QThread with signals and slots



  • I've got the following code:

    My class header:

    @class MyClass : public QObject
    {

    Q_OBJECT
    

    public:

     MyClass();
    

    private slots:

    void update(); //The slot
    

    };@

    My class cpp file:

    @MyClass::MyClass()
    {
    MyThread *thread = new MyThread();
    QObject::connect(thread, SIGNAL(signal()), this, SLOT(update()));
    thread->start();
    }

    void MyClass::update()
    {
    cout<< "Signal Called!!" << endl;
    }@

    My thread class:

    @class MyThread : public QThread
    {

    Q_OBJECT
    

    signals:

    void signal();
    

    public:

     void run();
    

    };@

    My thread cpp file:

    @void MyThread::run()
    {
    emit signal();
    }@

    When I use the code above, the update slot is never accessed, that is "Signal called!!" is never printed.
    BUT: when I change the following in MyClass's constructor:

    @thread->start();@

    to:

    @thread->run();@

    then "Signal called!!" is printed.

    Does anyone know why this is?



  • the second one calls the method inside the current thread, so the emit is done properly.

    If you want to make signals go from one thread to another (the main program), you need to make them queued.
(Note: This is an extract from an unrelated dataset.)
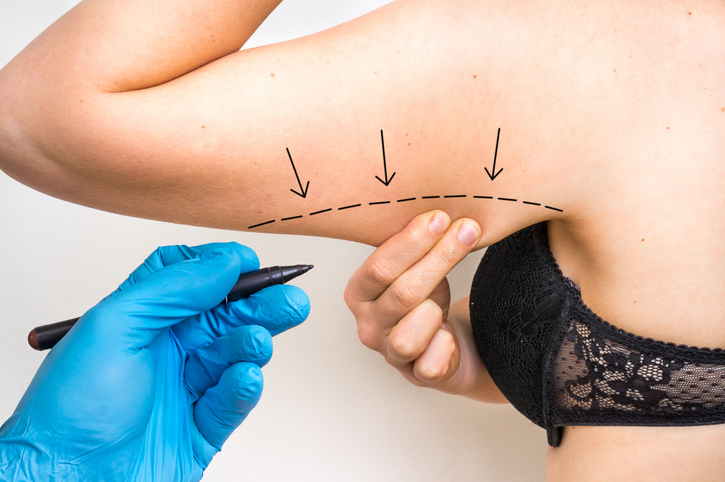 liposuction under arm preparation with doctor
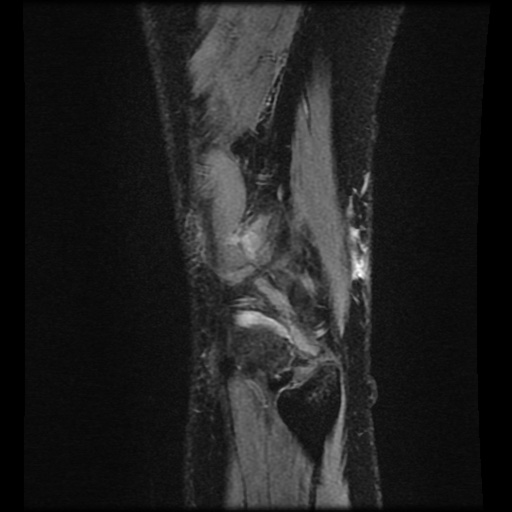 File:Bucket handle meniscus tear (Radiopaedia 56916-63751 H 3).jpg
See the QObject::connect and Qt::ConnectionType.



  • The main problem is, that goocreations is using QThread in the wrong way. QThread is a class managing a thread. It is not the thread itself.

    This is a frequently returning topic, mostly because of documentation issues in this respect in Qt. The recommended way of working with threads in Qt has changed since the documentation was written. It is usually better not to add signals, let alone slots, to QThread. Instead, create a QObject (derived) instance, and call moveToThread on it to move it to the thread. Put your signals and slots in this worker object instead.

    See "this blog":http://labs.qt.nokia.com/2010/06/17/youre-doing-it-wrong/ for details.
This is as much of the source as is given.